Flumes Volume 2: Issue 1, Summer 2017 | Page 80

Those are the poems that keep me alive. The meaning and purpose of the work. Well, you know, I have the privilege of writers contacting me, and they’ll send me stray poems and short stories, and that’s kind of marvellous because I never know what’s coming in the mailbox.

JGH: So, you said that you wanted to break the heart of the world and then heal it. Do you think that it has to be broken to heal?

DA: You know the truth is, I think, that for a lot of us, it’s already broken. And to a certain extent the only way to do really serious work is to risk that heartbreak, and I don’t know any other way to do it. Not only breaking the heart of the world but you’re also breaking your own heart over and over again.

JGH: Isn’t that true.

DA: Yeah, its just …what you’ve seen and what seems to have gone on for all of us is very, very painful and difficult.

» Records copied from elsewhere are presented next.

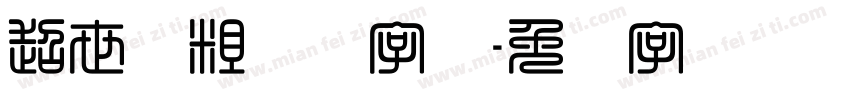 超世纪粗综艺字体字体转换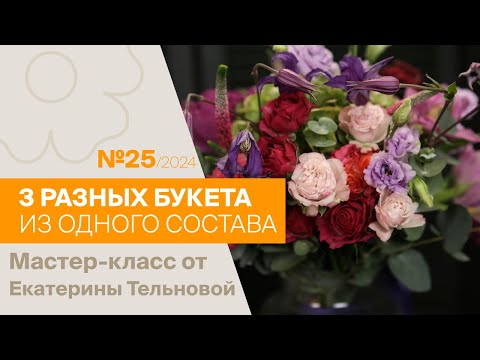 Видео: Три разных букета из одного состава | Мастер-класс от Екатерины Тельновой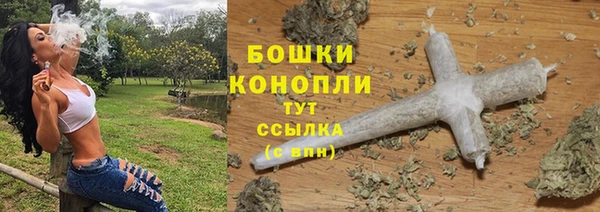 гашишное масло Лиски
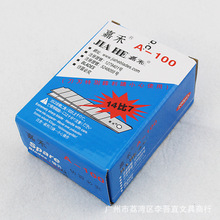 嘉禾JIA HE A-100 美工刀片大号替刃 18mm宽工具刀刀片 14节刀片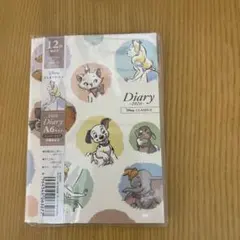 2026年　ディズニー　スケジュール帳　手帳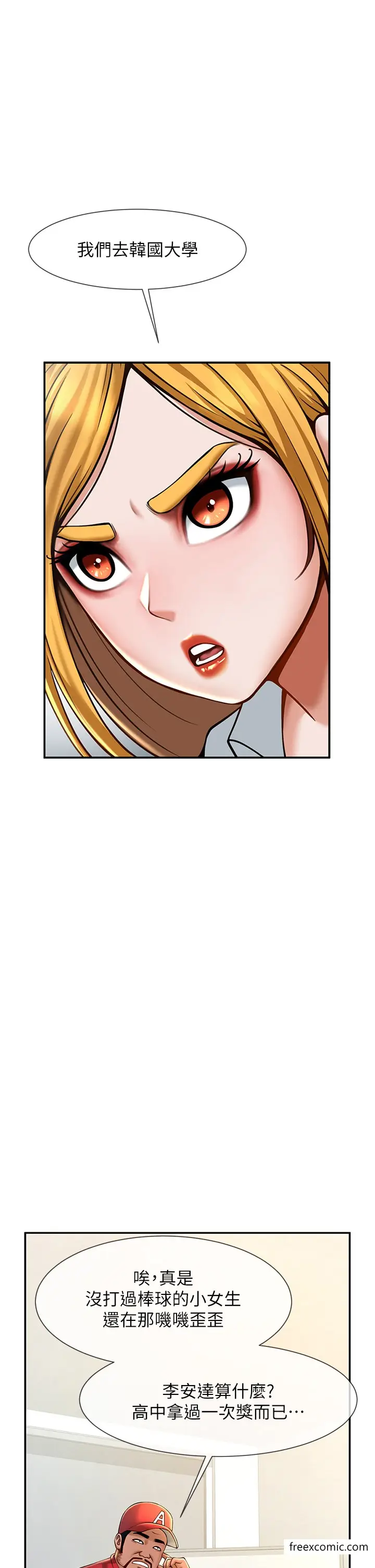 漫画《炸裂吧!巨棒》第11话第16张图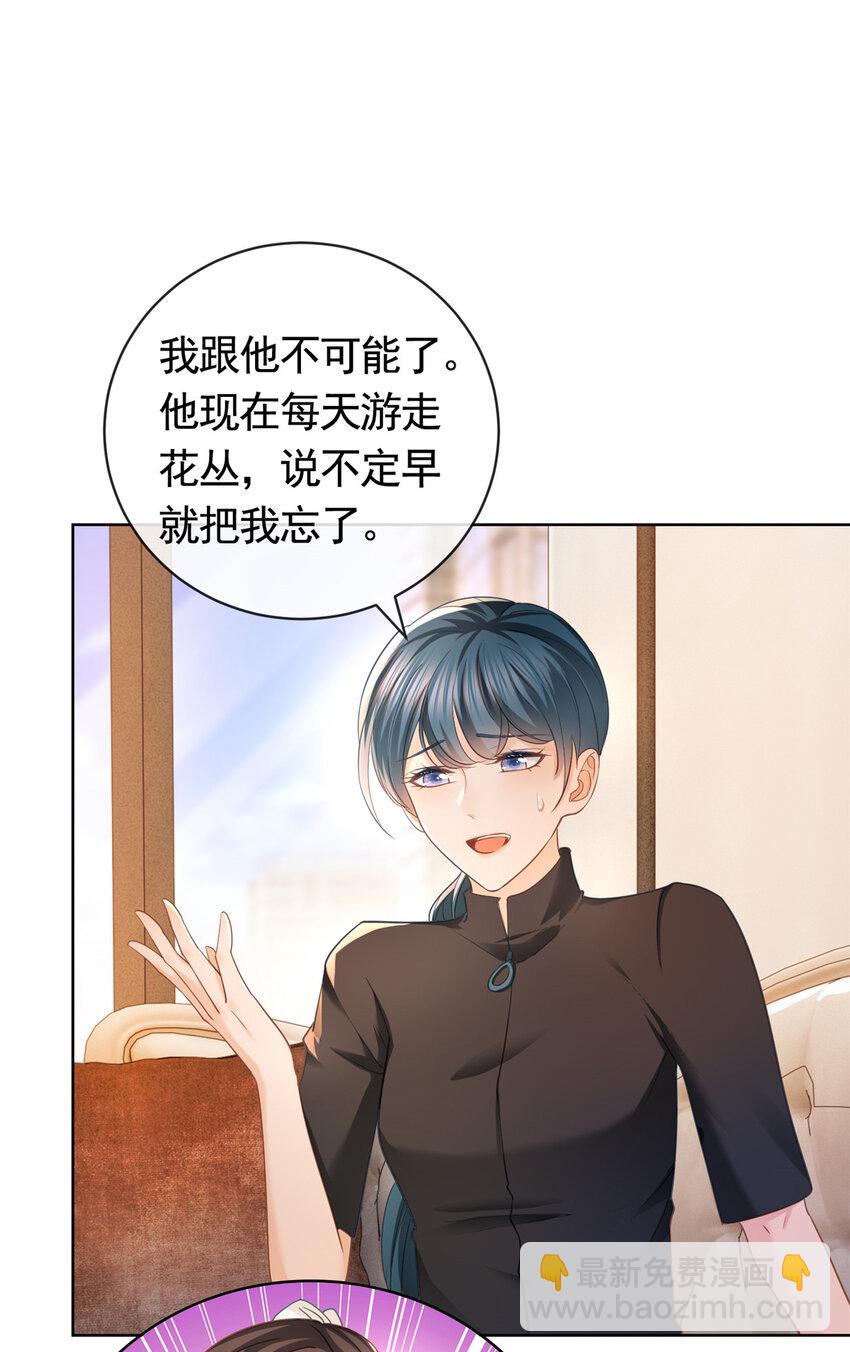 056 凌曦的前男友-第57话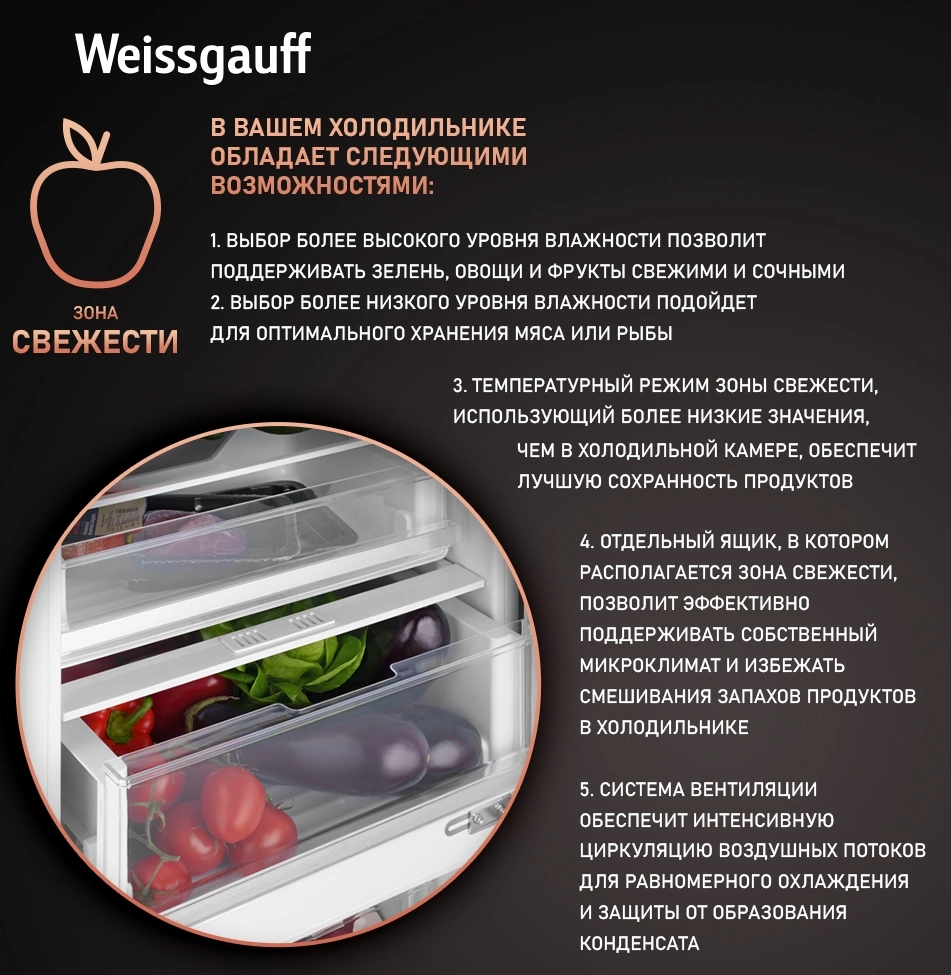 Холодильник Weissgauff Wrki 195 WLF, фото 18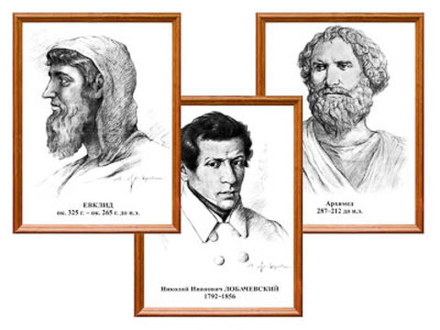 Портреты выдающихся математиков (деревянная рамка, под стеклом, комплект 8 шт.)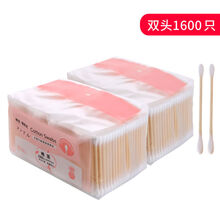 1600支棉签木棒双头棉签掏耳棉棒尖头化妆用棉花棒掏耳朵 1600支木竹棒 圆头+圆头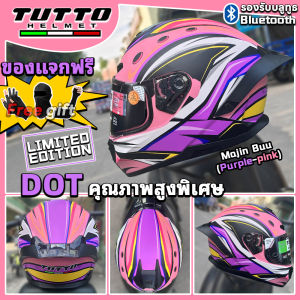 K7 TUTTO TISI หมวกกันน็อค รถจักรยานยนต์ Helmet แฟชั่น ใส่สบาย ปลอดภัย การระบายอากาศที่มีประสิทธิภาพ L XL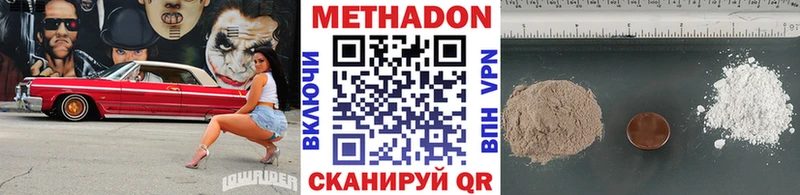 МЕТАДОН methadone  Анадырь 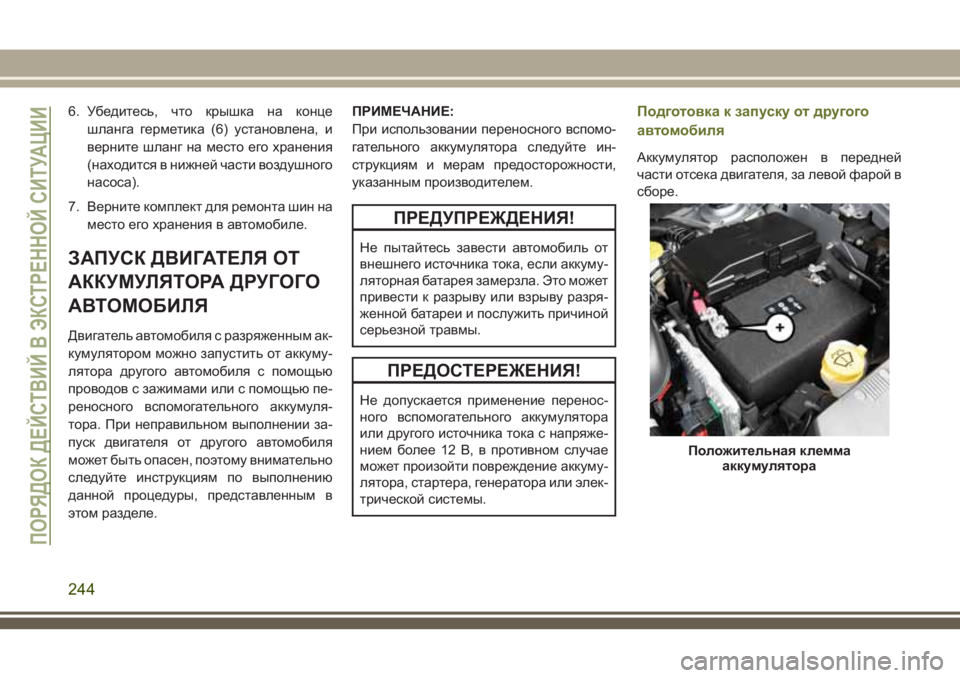 JEEP CHEROKEE 2018 Руководство по эксплуатации и техобслуживанию (in Russian) 6. Убедитесь, что крышка на конце
шланга герметика (6) установлена, и
верните шланг на место его хранения
(наход JEEP CHEROKEE 2018 Руководство по эксплуатации и техобслуживанию (in Russian) 6. Убедитесь, что крышка на конце
шланга герметика (6) установлена, и
верните шланг на место его хранения
(наход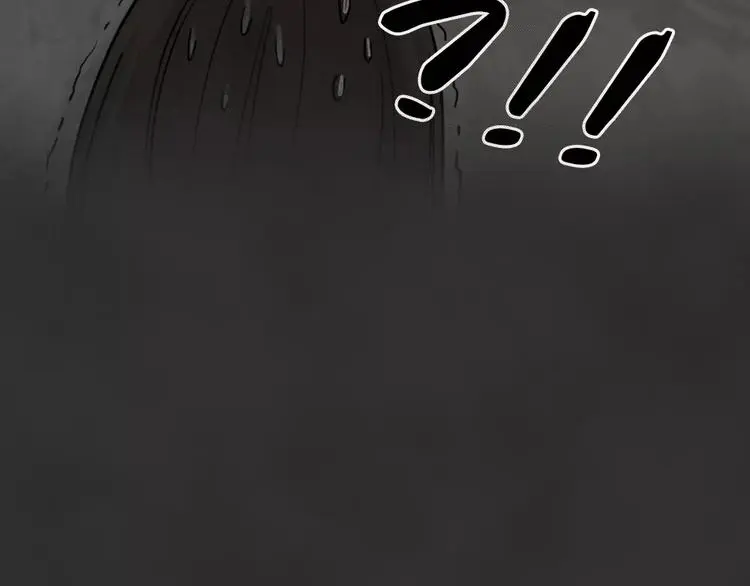 第45话 学说话的熊 第39页
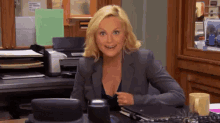 Excited GIF - Amypoehler Excited Smile GIFs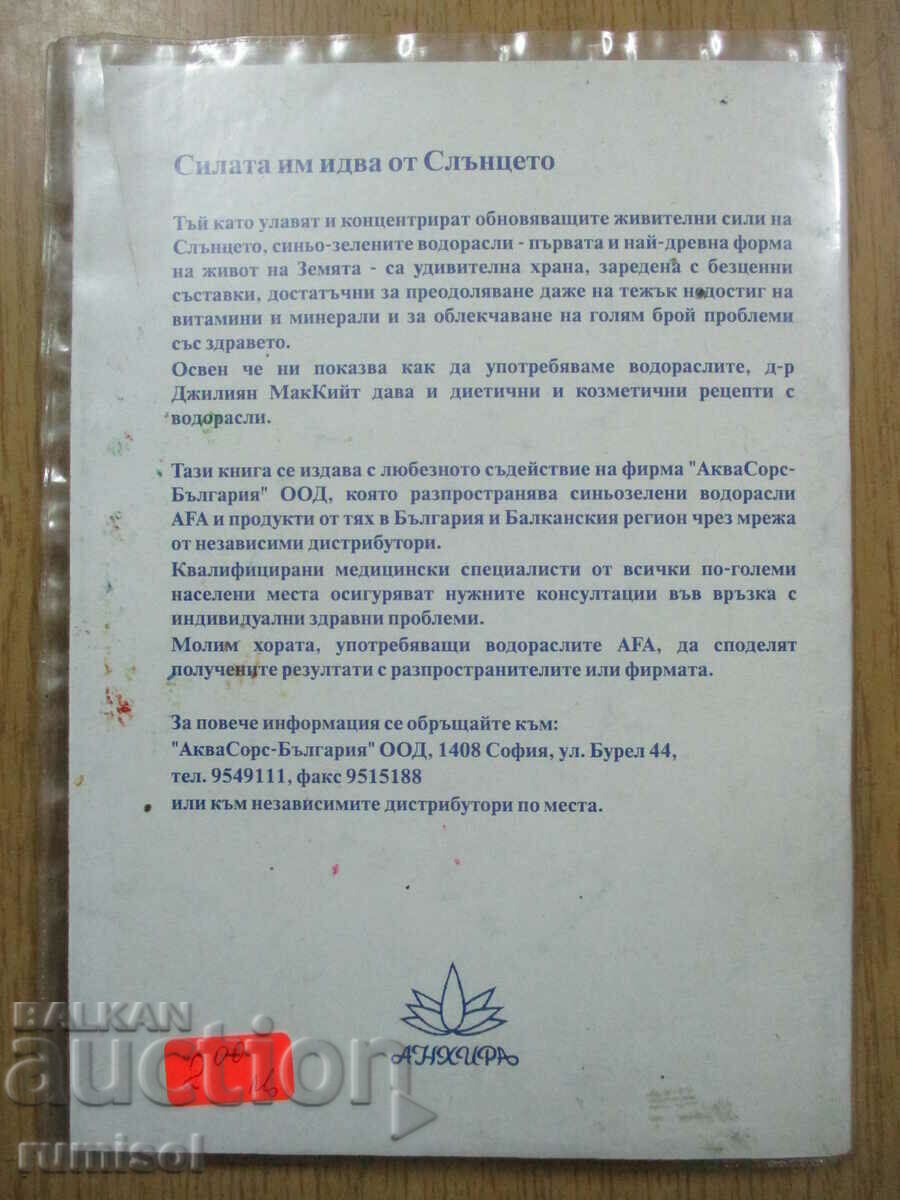 Чудотворната съвършена храна: дивите синьо-зелени водорасли - 5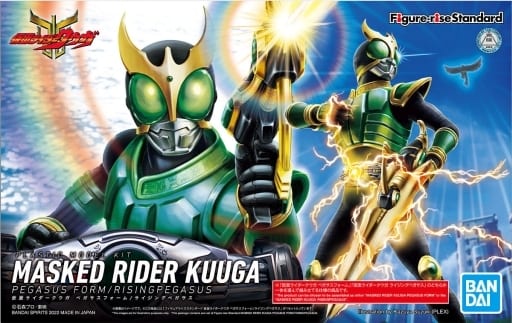 未開封新品 Figure-riseStandard仮面ライダークウガ 4個セット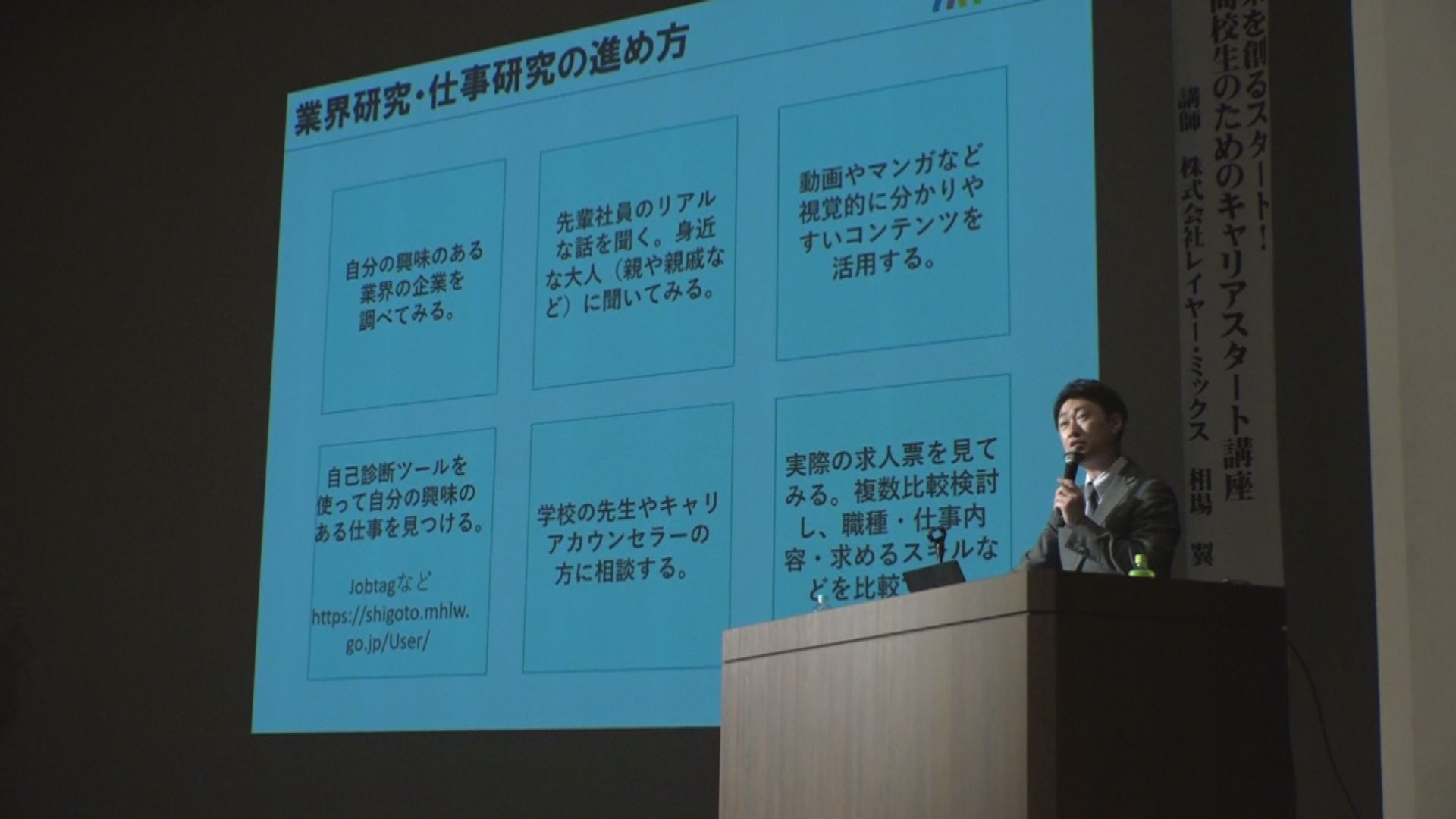 高校生就職セミナー  430人がやりたい仕事の見つけ方学ぶ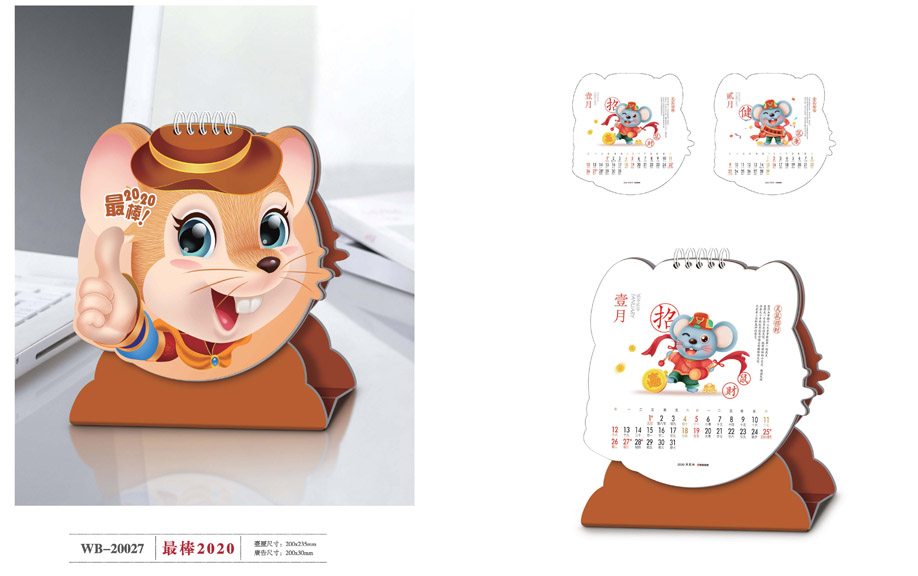  精美臺(tái)歷定制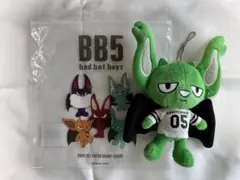 2026年最新】コムドット bb5 ぬいぐるみの人気アイテム - メルカリ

JGH: It’s so difficult to take a step back and realize who you are and what you maybe did wrong in the story too.

DA: We always want to pretend that we’re the noble and good character, but the insight is to be the son of a bitch in the story.

JGH: So, a question from our editorial board members: are there any tropes that you see that absolutely infuriate you in literature?

DA: Just the same ol’, same ol’ . It’s awkward because you know, I like some of the young writers who are doing the same thing over and over again but, and I did this myself, it’s the kind of boastful “I’m more serious than you” attitude. I find that very, very tedious. The need to discredit other people’s work in order to get credit for your own work, I find that really depressing and exhausting.

When Dorothy was younger, she worked with a writer who was brilliant but he could just “strip the skin.” He would say things that would be true, but they would be terrible.